ACTIVITY: Filter the lines below, copying only those with the string "Blue".

DATA:
****

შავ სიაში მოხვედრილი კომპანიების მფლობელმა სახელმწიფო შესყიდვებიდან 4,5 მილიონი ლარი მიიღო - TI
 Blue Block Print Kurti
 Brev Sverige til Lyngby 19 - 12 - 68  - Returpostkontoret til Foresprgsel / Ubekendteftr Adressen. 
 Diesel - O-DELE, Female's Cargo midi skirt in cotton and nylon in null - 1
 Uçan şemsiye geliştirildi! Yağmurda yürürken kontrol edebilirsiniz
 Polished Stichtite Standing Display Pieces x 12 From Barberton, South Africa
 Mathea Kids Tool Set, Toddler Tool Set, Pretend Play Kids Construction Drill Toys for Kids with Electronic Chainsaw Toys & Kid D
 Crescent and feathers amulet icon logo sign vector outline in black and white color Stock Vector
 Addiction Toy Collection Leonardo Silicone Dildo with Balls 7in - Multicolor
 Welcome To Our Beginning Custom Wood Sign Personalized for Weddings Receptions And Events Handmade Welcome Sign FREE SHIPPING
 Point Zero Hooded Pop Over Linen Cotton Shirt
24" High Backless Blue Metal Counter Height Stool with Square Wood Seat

****

EXERCISE SOLUTION:
 Blue Block Print Kurti
24" High Backless Blue Metal Counter Height Stool with Square Wood Seat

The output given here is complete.